この海上輸送力を確保すべく、強襲揚陸艦やドック型輸送艦を運用しているとはいえ、これらだけでは到底足りず、より建造費の安い民間船を改造するなど、いろいろ試行錯誤してきました。
なかでも、圧倒的輸送力と変わった経歴を持っていたのが「アルゴル級」車両貨物輸送艦でした。
- 基本性能:「アルゴル級」車両貨物輸送艦
排水量 | 55,350t |
全 長 | 288m |
全 幅 | 32m |
乗 員 | 55名 |
速 力 | 33ノット(時速61km) |
輸送力 | 最大700両の軍用車両 |
「アルゴル級」の人生は民間のコンテナ船として始まり、「SL-7型」として1970年代に合計8隻が建造されました。これは大型貨物船でありながら、33ノットという高速を誇り、当時は世界最速のコンテナ船として海運業界に衝撃を与えました。
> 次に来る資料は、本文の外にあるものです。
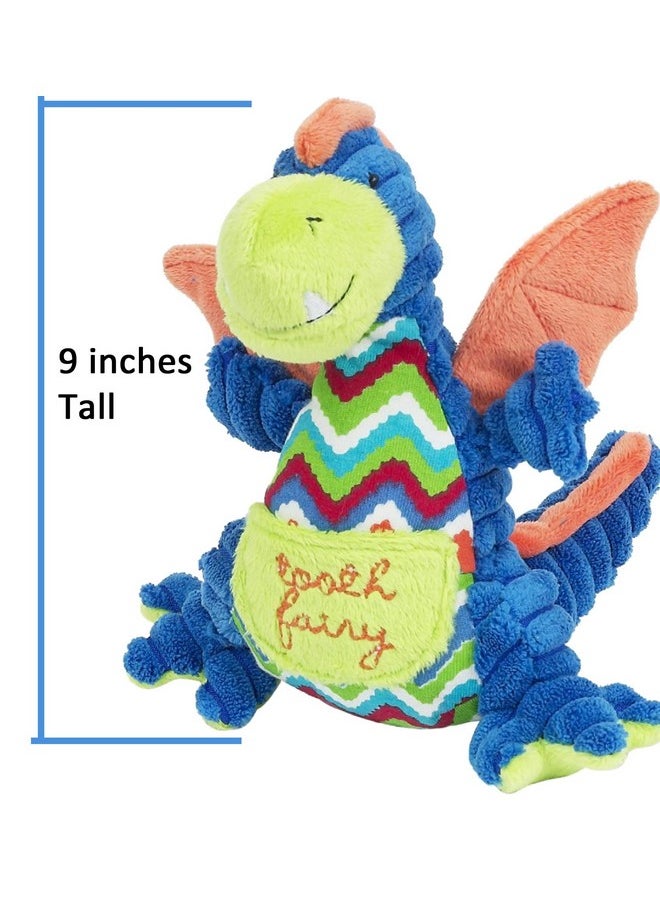 Tooth Fairy Plush Pillow W/Tooth Fairy Book Set (Drake Dragon Tf/Loose Tooth)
ところが、同時期に起きたオイルショックを受けて、高速航行力の代償として高かった燃料費がさらに高騰してしまい、その性能はコスト的に見合わなくなります。
その結果、これらは1980年代に米海軍に全て売却されました。
全長288mの貨物船にもかかわらず、高速航行できる点が輸送力強化にピッタリだったわけです。
こうして8隻のコンテナ船は、「アルゴル級」車両貨物輸送艦として海軍所属になりました。
実戦投入と予備保管行き
もともとコンテナ船として造られたため、「アルゴル級」は多量の補給物資や最大700両もの車両を運べる能力を持ち、クレーンや車両用の乗降ランプ、ヘリの離着艦スポットまであります。
大量に運べるのみならず、すばやく港湾に揚陸できることから、湾岸戦争やイラク戦争での戦力展開・兵站維持で大活躍しました。
特に湾岸戦争では50万人以上の米軍が投入されたなか、これらを支える装備や物資をアメリカ本土から前方拠点のサウジアラビアまで運び込みました。このとき、輸送貨物の約13%が「アルゴル級」によって運ばれたそうです。
イラク戦争でも、絶え間なく消費される補給物資を中東まで運び、ほかにもソマリアやコソボへの軍事作戦で使われてきました。
また、人道支援任務でも役立ってきたものの、現在は国防予備船隊として保管状態にあります。
すでに建造から半世紀が経ち、船体の老朽化が進むなか、いまの米海軍はかつてほどの海上輸送力がなく、すばやく大量に運べる「アルゴル級」は廃棄するには惜しい存在です。